**** INFORMATION PROVIDED
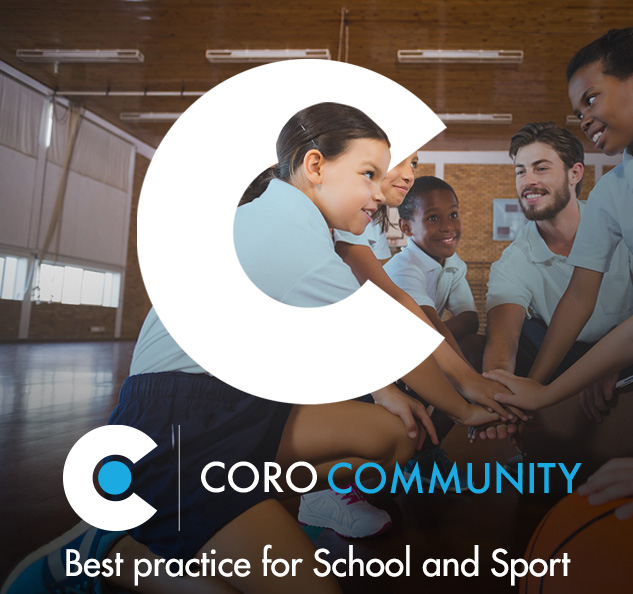 CORO COMMUNITY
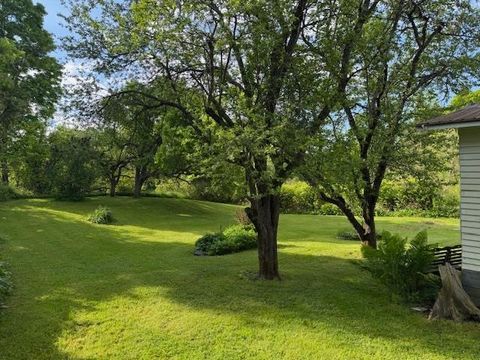 452 Mill Village Road Craftsbury VT 05827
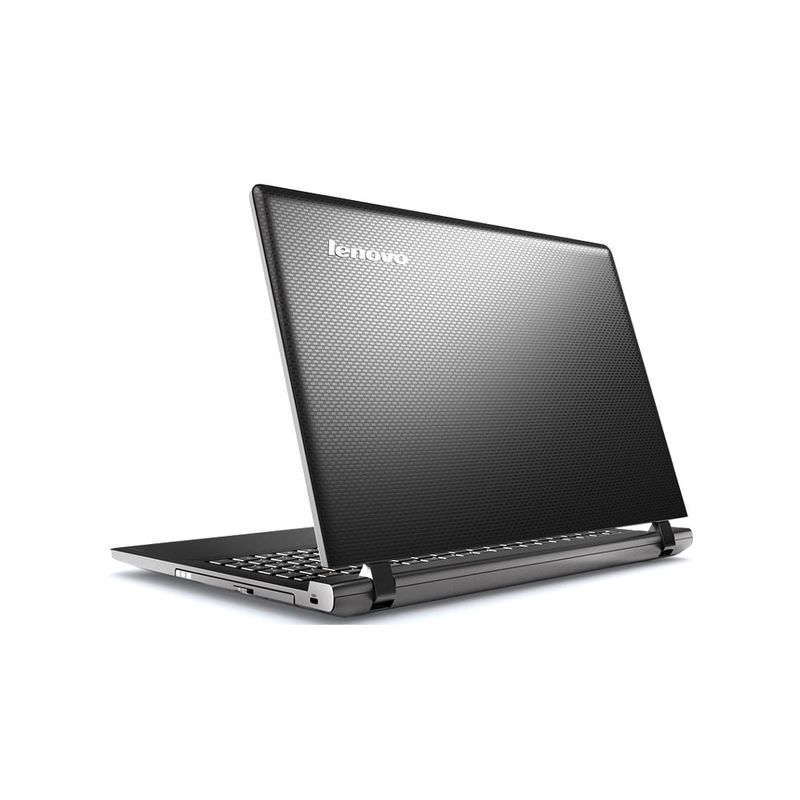 Notebook 15,6pol Lenovo Ideapad 100-15IBY (Intel Celeron Dual Core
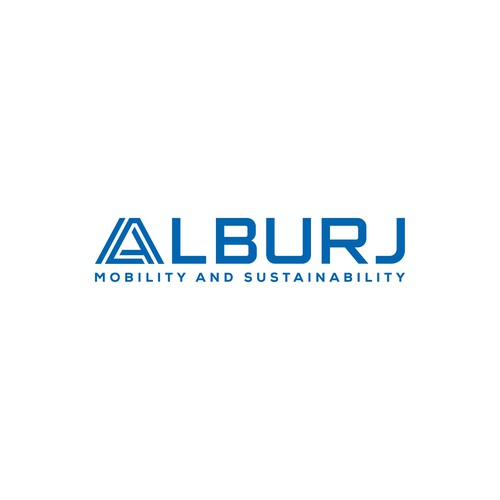 ARIAL studiosさんのLogo for an Engineering Consultancy firm, specializes in Buildings, Mobility and Sustainabilityデザイン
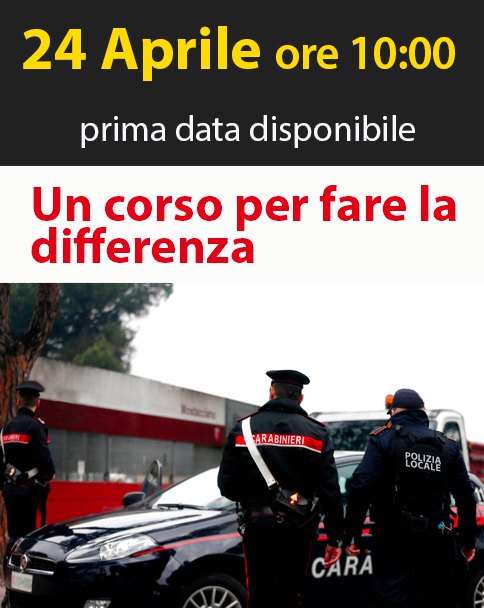 Dall’evidenza al risultato. Corso operativo di analisi e investigazione avanzata: nuovi strumenti per potenziare il proprio lavoro e la sicurezza.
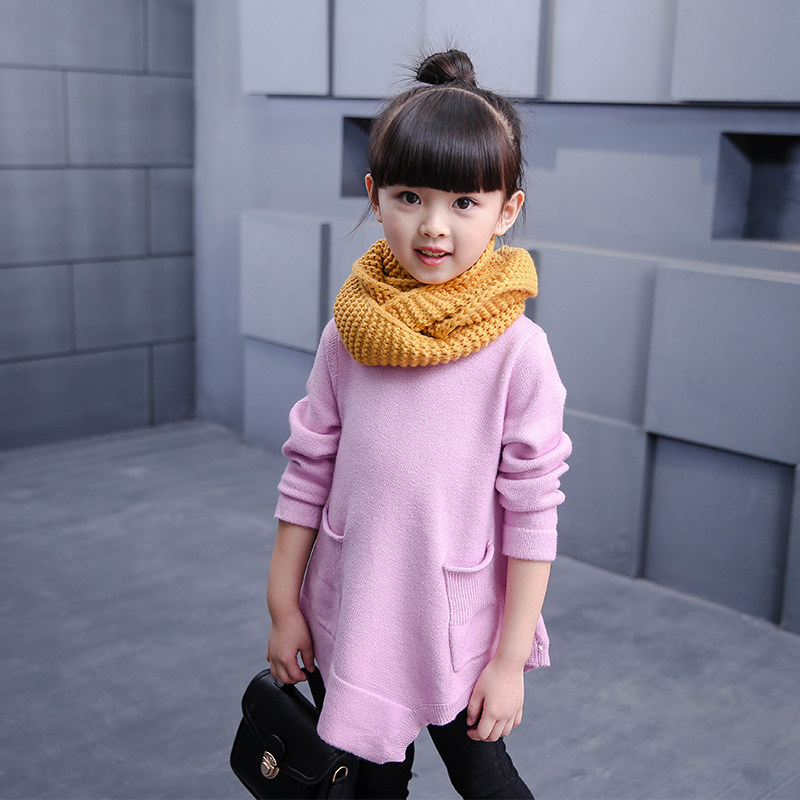 Pull fille - Ref 2104432 Image 11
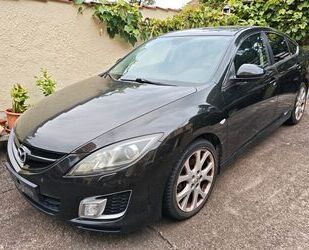 Mazda 6 Gebrauchtwagen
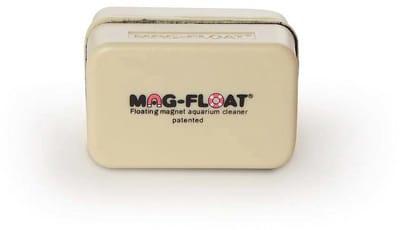 Mag-Float  Algenmagneet - Grijs - XS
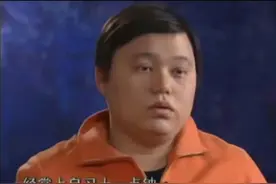 当年明月这段采访我看了不下十遍图片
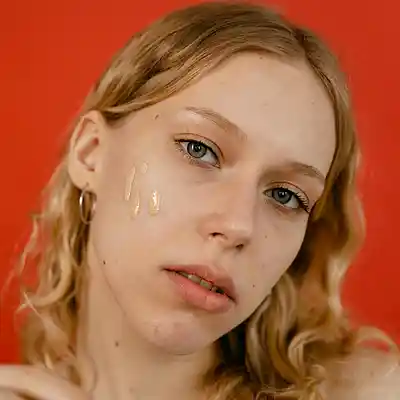 Picture for song 'When You Make A Woman Cry (feat. Patricia Edwards)' by artist 'fanisatt'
********
EXERCISE REQUIREMENTS ::
When you reach the line with "Dall’evidenza al risultato." in the entries above, start copying, and go on word for word to the last line; skip any picture.

OUTPUT OF THE EXERCISE ::
 Dall’evidenza al risultato. Corso operativo di analisi e investigazione avanzata: nuovi strumenti per potenziare il proprio lavoro e la sicurezza.
 Pull fille - Ref 2104432 Image 11
 Mazda 6 Gebrauchtwagen
 Mag-Float  Algenmagneet - Grijs - XS
 当年明月这段采访我看了不下十遍图片
 Picture for song 'When You Make A Woman Cry (feat. Patricia Edwards)' by artist 'fanisatt'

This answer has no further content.